The effect of heat treatment on the chemical composition of canned meat.
Beef, pork and chicken meat were used in this study. Heat treatments were carried out at 115 ºC in stationary and rotating autoclaves, 125 ºC in stationary and rotating autoclaves, 125 ºC in stationary and 125 ºC but higher Fo value in stationary and rotating autoclaves.

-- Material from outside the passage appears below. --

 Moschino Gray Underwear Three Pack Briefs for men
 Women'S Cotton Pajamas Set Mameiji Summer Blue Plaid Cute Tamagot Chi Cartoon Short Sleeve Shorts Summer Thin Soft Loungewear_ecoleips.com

The results of the analysis showed higher protein values in the range of 20.54% to 23.92% (autoclaved) and 20.25% to 20.85% (raw) beef; those of pork samples were from 19.12% to 21.68% (autoclaved), 19.19% to 19.83% (raw) while chicken samples were from 22.00% to 24.76% (autoclaved) and raw sample is 20.75% respectively. In the case of fat content, autoclaved beef samples showed higher values than the raw samples in the range of 3.0% to 4.5% (autoclaved), 1.0% to 1.5% (raw), while the reverse was the case with pork and chicken where the range for pork was from 2.5% to 5.0% (autoclaved), 5.0% to 5.5% (raw), and chicken from 0.5% to 2.0% (autoclaved) and 2.5% (raw) samples respectively. The ash content of autoclaved beef and pork samples showed lower values than their raw samples and were in the range of 1.13% to 1.53% (autoclaved) and 1.01% to 1.74% (raw) for beef and 1.20% to 1.62% (autoclaved), 1.14% to 1.68% for raw pork samples while autoclaved chicken samples showed higher values than the raw sample in the range of 1.20% to 1.62% (autoclaved) and 1.02% raw samples respectively. Apart from two autoclaved pork samples SA3 (stationary) and SF5 (rotating) that showed higher moisture content than their raw samples other pork samples (SAI, BF2, SA4) beef and chicken samples showed lower values. The moisture content of pork sample (SA3) was 76.5% (autoclaved) 72.0% (raw) SF5 samples was 75.0% (autoclaved) and 73.0% (raw) respectively.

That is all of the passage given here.